Here is the code for the form:

            frmWeeklyIndividualBudgets tfrmWeeklyIndividualBudgets = new frmWeeklyIndividualBudgets();
            tfrmWeeklyIndividualBudgets.Program = this.Program;
            tfrmWeeklyIndividualBudgets.Text = this.Program.ProgramCode.ToString() + " Weekly Budget";
            this.CheckMdiChildren(tfrmWeeklyIndividualBudgets);

Here is the CheckMdiChildren method:

private void CheckMdiChildren(Form form)
{ 

    foreach (Form frm in this.MdiChildren)
    {
        if (frm.GetType() == form.GetType())
        {
            if (frm.GetType().ToString() == "IPAMFinancial_Program_Financial_Breakdown.frmWeeklyIndividualBudgets")
            {
                frmWeeklyIndividualBudgets tfrm = (frmWeeklyIndividualBudgets)frm;
                if (tfrm.Program.ProgramCode == this.Program.ProgramCode)
                {
                    frm.Focus();
                    return;
                }
            }
            else
            {
                frm.Focus();
                return;
            }
        }
    }

    form.MdiParent = this;
    form.Show();
}
Foi útil?

Solução

I strongly suspect the problem is that you've got one Program object, which all the forms refer to. (That's certainly what the code looks like.) Give each form a new Program instead, when you create the form.

For example:

frmWeeklyIndividualBudgets tfrmWeeklyIndividualBudgets = 
    new frmWeeklyIndividualBudgets();

// Give the new form a new Program instance
tfrmWeeklyIndividualBudgets.Program = new Program();
tfrmWeeklyIndividualBudgets.Text = this.Program.ProgramCode.ToString() 
    + " Weekly Budget";
this.CheckMdiChildren(tfrmWeeklyIndividualBudgets);

If you want the new form to get a Program based on the existing one, you should implement a Clone method in Program, and do:

tfrmWeeklyIndividualBudgets.Program = this.Program.Clone();

Outras dicas

You should create a ProgramFactory object, and call some type of method on that object to create a new Program object each time you need one.

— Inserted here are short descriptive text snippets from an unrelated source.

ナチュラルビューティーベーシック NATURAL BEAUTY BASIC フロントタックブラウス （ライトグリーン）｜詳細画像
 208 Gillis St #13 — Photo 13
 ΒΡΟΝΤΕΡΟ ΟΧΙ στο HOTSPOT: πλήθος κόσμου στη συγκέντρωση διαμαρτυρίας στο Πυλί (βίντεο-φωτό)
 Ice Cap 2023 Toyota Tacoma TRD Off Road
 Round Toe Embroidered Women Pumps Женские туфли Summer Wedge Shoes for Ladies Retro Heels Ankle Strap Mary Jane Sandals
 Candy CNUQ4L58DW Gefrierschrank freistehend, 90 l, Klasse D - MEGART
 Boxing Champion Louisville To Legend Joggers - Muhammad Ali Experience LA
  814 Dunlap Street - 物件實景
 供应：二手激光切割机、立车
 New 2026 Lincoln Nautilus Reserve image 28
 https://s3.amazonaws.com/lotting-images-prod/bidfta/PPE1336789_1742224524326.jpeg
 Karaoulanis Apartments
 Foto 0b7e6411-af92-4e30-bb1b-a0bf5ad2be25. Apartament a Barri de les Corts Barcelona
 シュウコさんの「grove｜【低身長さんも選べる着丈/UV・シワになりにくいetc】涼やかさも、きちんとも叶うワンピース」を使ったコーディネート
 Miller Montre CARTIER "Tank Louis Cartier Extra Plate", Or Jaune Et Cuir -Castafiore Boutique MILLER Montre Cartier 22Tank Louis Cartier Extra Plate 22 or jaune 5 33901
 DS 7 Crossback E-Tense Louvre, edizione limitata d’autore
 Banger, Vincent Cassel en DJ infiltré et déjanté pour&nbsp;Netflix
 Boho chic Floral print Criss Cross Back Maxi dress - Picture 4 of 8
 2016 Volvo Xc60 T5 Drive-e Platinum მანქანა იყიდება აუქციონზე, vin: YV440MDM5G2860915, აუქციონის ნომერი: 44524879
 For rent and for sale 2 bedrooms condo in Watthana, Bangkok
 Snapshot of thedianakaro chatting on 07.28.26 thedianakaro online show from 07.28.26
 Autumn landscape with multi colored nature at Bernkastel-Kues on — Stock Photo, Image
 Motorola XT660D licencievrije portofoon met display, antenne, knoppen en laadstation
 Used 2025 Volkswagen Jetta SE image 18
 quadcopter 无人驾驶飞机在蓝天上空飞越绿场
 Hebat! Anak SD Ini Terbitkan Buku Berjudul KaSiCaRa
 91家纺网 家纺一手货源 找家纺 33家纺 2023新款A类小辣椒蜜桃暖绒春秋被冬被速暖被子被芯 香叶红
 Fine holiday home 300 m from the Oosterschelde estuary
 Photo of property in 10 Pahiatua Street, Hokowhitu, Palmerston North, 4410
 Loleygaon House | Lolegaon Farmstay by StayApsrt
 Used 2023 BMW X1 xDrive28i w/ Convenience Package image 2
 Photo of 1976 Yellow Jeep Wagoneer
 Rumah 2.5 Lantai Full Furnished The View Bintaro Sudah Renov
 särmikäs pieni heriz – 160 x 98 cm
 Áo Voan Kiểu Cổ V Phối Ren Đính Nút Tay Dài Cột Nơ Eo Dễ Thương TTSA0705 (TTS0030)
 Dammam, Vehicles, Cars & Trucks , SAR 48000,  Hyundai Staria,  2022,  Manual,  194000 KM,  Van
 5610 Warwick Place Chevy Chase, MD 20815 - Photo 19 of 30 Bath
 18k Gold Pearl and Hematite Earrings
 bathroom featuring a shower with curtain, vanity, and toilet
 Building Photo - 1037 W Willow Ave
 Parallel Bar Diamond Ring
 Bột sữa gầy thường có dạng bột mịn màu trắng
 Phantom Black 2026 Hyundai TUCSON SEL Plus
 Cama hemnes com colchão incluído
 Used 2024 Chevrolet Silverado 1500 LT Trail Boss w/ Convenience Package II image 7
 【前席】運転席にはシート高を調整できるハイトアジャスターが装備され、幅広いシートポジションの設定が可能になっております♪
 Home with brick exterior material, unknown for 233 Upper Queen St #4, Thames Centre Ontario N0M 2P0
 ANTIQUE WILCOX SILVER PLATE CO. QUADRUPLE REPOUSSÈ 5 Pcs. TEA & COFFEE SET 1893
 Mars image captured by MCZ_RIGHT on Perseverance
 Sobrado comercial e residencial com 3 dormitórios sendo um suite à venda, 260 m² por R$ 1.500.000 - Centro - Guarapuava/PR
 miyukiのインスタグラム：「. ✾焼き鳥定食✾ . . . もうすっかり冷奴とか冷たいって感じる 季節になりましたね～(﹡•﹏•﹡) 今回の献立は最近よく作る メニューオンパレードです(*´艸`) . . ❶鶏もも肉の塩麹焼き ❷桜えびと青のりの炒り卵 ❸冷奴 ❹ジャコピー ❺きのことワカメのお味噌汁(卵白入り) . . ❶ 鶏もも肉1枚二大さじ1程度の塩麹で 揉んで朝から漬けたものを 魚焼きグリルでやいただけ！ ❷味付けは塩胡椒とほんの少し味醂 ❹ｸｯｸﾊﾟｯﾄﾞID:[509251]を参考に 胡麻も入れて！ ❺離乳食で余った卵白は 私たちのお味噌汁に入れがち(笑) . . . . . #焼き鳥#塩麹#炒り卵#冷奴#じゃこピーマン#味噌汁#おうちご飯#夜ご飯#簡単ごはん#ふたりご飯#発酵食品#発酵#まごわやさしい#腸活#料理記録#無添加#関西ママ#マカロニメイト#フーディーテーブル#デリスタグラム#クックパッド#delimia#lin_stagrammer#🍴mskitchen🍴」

You appear to be reusing the same instance.

In .NET, objects are passed by reference (i.e. references to the object are passed around, while the single object sits in one place, used by all the variables referring to it). This means that when you do this:

tfrmWeeklyIndividualBudgets.Program = this.Program;

You have two "Program" variables using the exact same object.

To avoid this, you'll need to construct a new version of the program object to assign. Sometimes, people create a Clone() method to handle this.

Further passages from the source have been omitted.